Últimas
Após 7 anos, tragédia de Brumadinho será examinada na Justiça
Era uma sexta-feira, Nayara Porto, então com 27 anos, preparava um pudim para o fim de semana, sobremesa preferida do marido Everton Lopes Ferreira, de 32 anos. Após colocar o doce no forno, escutou a vizinha conversando com uma tia sobre a “barragem da Vale” que havia rompido, rememora em referência à barragem de rejeitos da Mina Córrego do Feijão, em Brumadinho, na região metropolitana de Belo Horizonte (MG)
“Eu fiquei um pouco sem entender. Depois ela me chamou e perguntou se meu marido estava em casa. Eu falei que não estava, estava trabalhando, aí ela foi e me contou o que tinha acontecido”, lembra Nayara em entrevista à jornalista Mara Régia no programa Natureza Viva, da Rádio Nacional, emissora da Empresa Brasil de Comunicação (EBC). “Aí foi um desespero total”, recorda Nayara.
Notícias relacionadas:
- Justiça marca audiências do processo criminal de Brumadinho.
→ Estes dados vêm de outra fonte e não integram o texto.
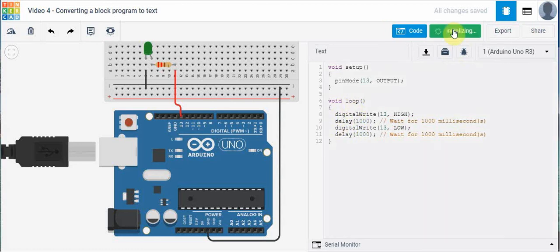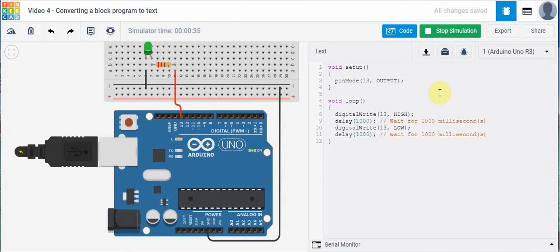So again if we start the simulator we're going to see the same thing that we did before. The code itself hasn't changed, but what has changed is we've converted from block to text which is C++. Anytime you want to take a look at what the C++ code looks like you can convert from block to text, and I encourage you to try and change some things — change the delay time, change the port number, change the circuit. Try that and you can get a feel for what programming in C++ looks like. That's it for this tutorial.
- Justiça inglesa condena mineradora BHP por rompimento de barragem .
- Vítimas de afundamento de solo criticam acordo entre Braskem e Alagoas.
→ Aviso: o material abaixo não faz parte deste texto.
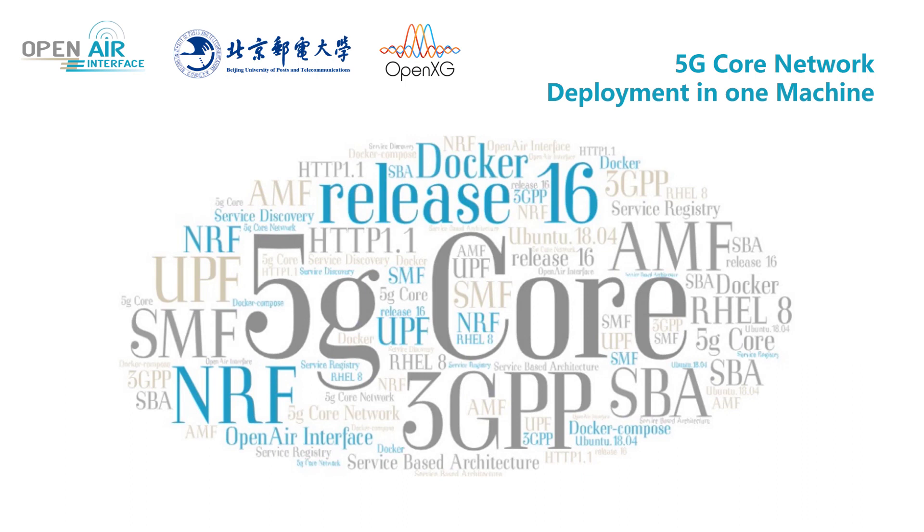Welcome to the Open Air Interface demo video. This video is about 5G core network deployment in one machine.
“Comecei a tentar falar com ele várias vezes, mas o telefone nem chamava mais. [Depois] fui tentando falar com alguns amigos dele que eu sabia que estavam lá, até que consegui falar com um que correu da lama [de rejeitos], que se salvou por um milagre de Deus. Ele falou comigo assim: ‘oh Nayara, ora, pede a Deus.’ O armazém que era onde meu marido trabalhava, que era o almoxarifado, foi embora, não havia mais nada lá.”
2.557 dias
O acidente ou “tragédia-crime”, como classifica a Associação dos Familiares de Vítimas e Atingidos pelo Rompimento da Barragem da Mina Córrego do Feijão (AVABRUM), ocorreu por volta de 12h30 do dia 25 de janeiro de 2019. Duzentas e setenta e duas pessoas foram mortas. Passados 2.557 dias neste domingo, ninguém foi responsabilizado criminalmente pelo ocorrido.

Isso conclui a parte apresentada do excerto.